I watched seven movies last week:
- Cliffhanger is dumb and very forgetable, but it’s also a fairly entertaining thrill ride.
- In Which We Serve is straight-up British stiff-upper-lip World War II propagaganda, but it’s often very effective as such, and it features some good performances.
- White Men Can’t Jump sometimes feels a little rough around the edges, but it has well-observed characters and dialogue, and it’s often very fun.
- Ministry of Fear plays initially a little like a horror movie, in which our hero wanders into a quiet English village only to discover it’s been overtaken by some kind of sinister forces. Only, in this case, it’s not body snatchers from beyond but Nazi spies. It’s gripping and suspenseful throughout.
- The One is dumb and very forgettable, full stop. It is not entertaining, and I just wanted the ride to stop.
- Monsieur Hulot’s Holiday, Roger Ebert wrote, “is not a comedy of hilarity but a comedy of memory, nostalgia, fondness and good cheer. There are some real laughs in it, but [it] gives us something rarer, an amused affection for human nature—so odd, so valuable, so particular.”
- Spaceman is a little whispery and dull, even leaden at times. But because that seems largely by design, as deliberate as the decision to not Americanize the story and characters, the movie largely works. I’m not sure it has anything epescially deep to say—beyond,
as Robert Daniels puts it, that “some men would rather go to space and talk to a giant spider than go to therapy”—but it’s not without its share of lovely little moments.

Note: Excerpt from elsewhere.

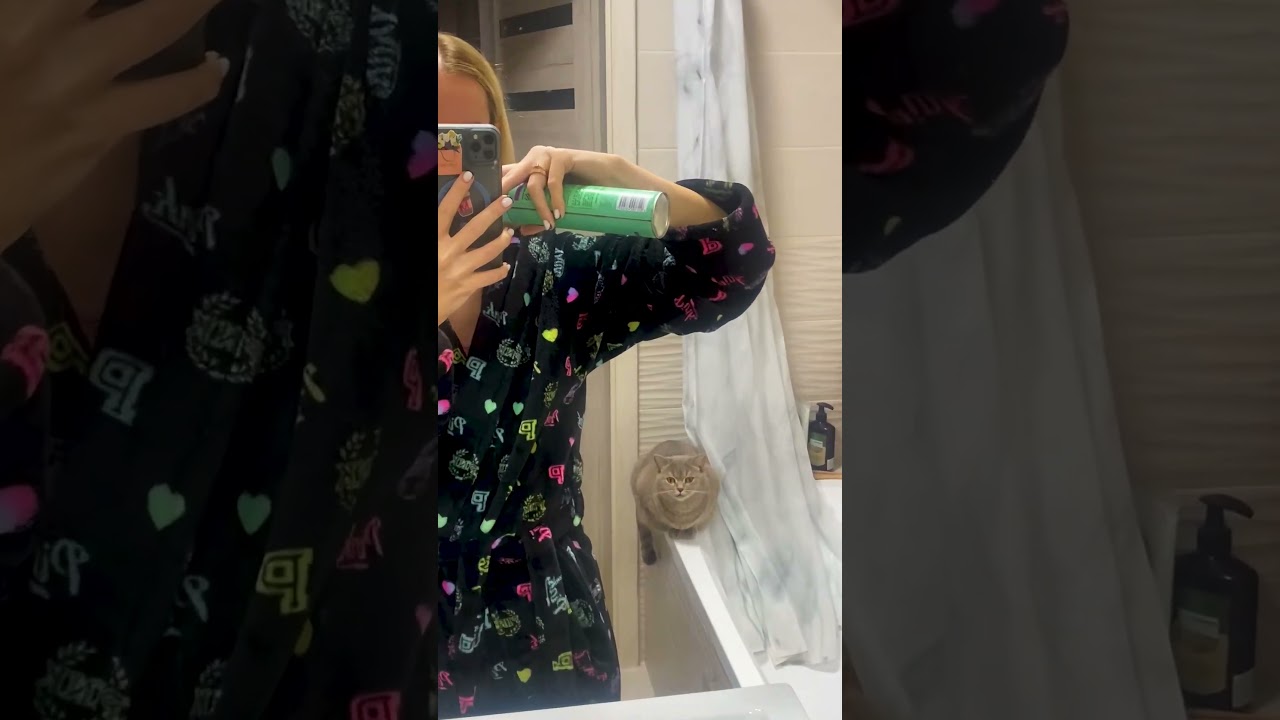 Hilarious Cat HATES Hairspray Noise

I also re-watched Die Hard (for the who-knows-how-many-th time), following something of a John McTiernan kick I’ve been on, following along with Blank Check. I don’t think Die Hard is the greatest movie ever made, but I do think it’s a near-perfect movie, and likely the best action movie ever made. Everything in it is so deliberate without ever feeling that way, and it’s hard to imagine a better version of the movie Die Hard is trying to be.